A Quebec judge said she hopes the voices of caregivers struggling to care for loved ones are heard as she sentenced a Montreal man who suffocated his Alzheimer’s-stricken wife with a pillow to two years less a day in jail.
Michel Cadotte’s killing of Jocelyne Lizotte, 60, in her long-term care bed warranted a strong message, Superior Court Justice Hélène Di Salvo said in a decision rendered late Tuesday.
“Whatever the motivation – and even in the name of compassion – the gesture must be denounced,” Justice Di Salvo said.
But bigger societal questions surrounding support for caregivers, helplessness, life in long-term care and dealing with Alzheimer’s were all brought to the forefront in the case.
“The court is well aware that this case has raised passion in public opinion,” Justice Di Salvo said. “As citizens, we can only hope that the alarming cries of the difficulties caregivers face, as well as the problem of the growing number of people with Alzheimer’s disease, will have been heard.”
The judge said determining a just sentence was her primary role, and neither the Crown nor the defence was able to find any jurisprudence that could guide her on sentencing.
A jury found Mr. Cadotte guilty of manslaughter last Feb. 23 in the death of his wife of 19 years. Ms. Lizotte, 60, was in the late stages of Alzheimer’s disease and was unable to speak or care for herself. But a doctor testified she was not considered to be at the end of her life and was receiving care to keep her comfortable under the circumstances.
Mr. Cadotte, 58, was clearly in love with Jocelyne Lizotte, Justice Di Salvo said, but by taking her life on Feb. 20, 2017 at the long-term care facility where she was being treated, “he committed the irreparable. He caused the suffocation death of the woman he loved, and contrary to what any one might say, this does not make him a hero.”
In addition to the jail time, to be served in a provincial facility, Mr. Cadotte will also have three years of probation and 240 hours of community service to complete once he’s released.
The sentence, which is on top of 205 days Mr. Cadotte spent in preventive custody before the trial, fell well short of what the Crown had recommended. The Crown had sought an eight-year prison term, citing the vulnerability of the victim and the violent nature of her death.
Prosecutor Antonio Parapuf had little to say about the sentence but noted the judge repeatedly mentioned the need to send a message.
“Of course at this step, we will take time to analyze all the different criteria and all the different steps taken by the judge before rendering our decision [on an appeal],” Mr. Parapuf said. “Our thoughts go towards the family of the victim, and now we will take time to explain everything to them.”
Defence lawyers Elfriede Duclervil and Nicolas Welt had recommended a sentence of between six and 12 months, which could have meant no additional time behind bars. Instead, Mr. Cadotte who was free on bail during the trial, was led away in handcuffs by court constables.
“We are sad. We are disappointed, because obviously we asked for much less,” Mr. Duclervil said, noting the judge took into consideration the unique facts of the case.

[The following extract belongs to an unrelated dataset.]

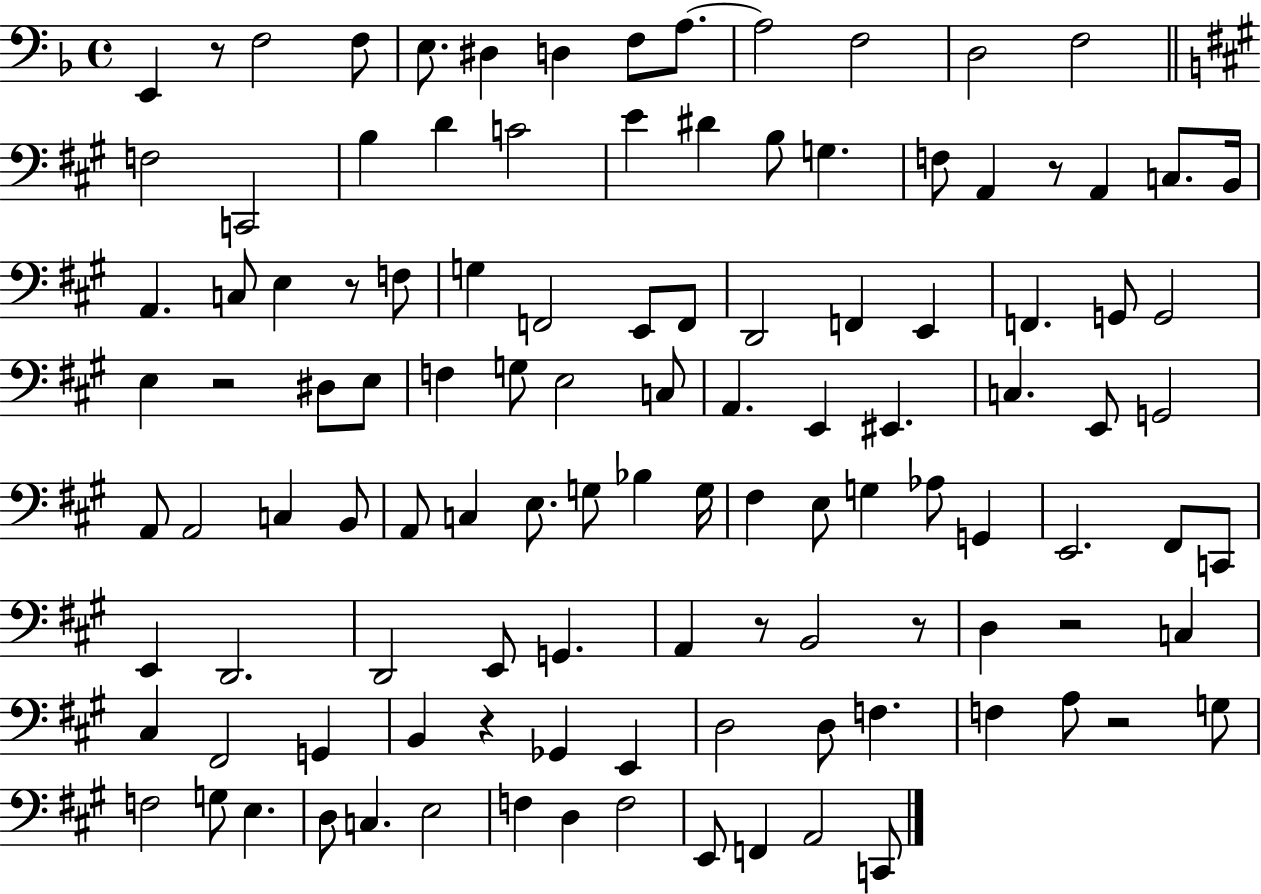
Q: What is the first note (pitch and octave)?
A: E2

“She came up with two years minus one day, so we’re going to have live with that,” Mr. Duclervil added. “And hopefully ... the family will start to grieve, but as a society, look around. It’s said that one out of four people face the same challenges. It’s not Michel alone.”
Mr. Cadotte had cared for his wife for nine years, struggling to keep her out of care until relenting in 2013.
Depressed and recovering from a weekend of heavy drinking, he testified that on the day of the killing he was saddened to see Ms. Lizotte with her neck bent, sitting in a geriatric chair without a specialized head rest.
He cried as he struggled to feed her lunch and then tried to place a pillow under her head. Mr. Cadotte said he couldn’t explain what happened, but after a couple of failed attempts, he placed the pillow over her face and smothered her.
“She was suffering too much,” Mr. Cadotte testified. “I didn’t want her to suffer anymore. I was suffering for her.”
The trial heard that Mr. Cadotte struggled to provide care as his wife’s Alzheimer’s worsened, and a year before he killed her he inquired about a medically assisted death. But he was told that Ms. Lizotte was not eligible because she was not considered to be at the end of life and she lacked the ability to give consent.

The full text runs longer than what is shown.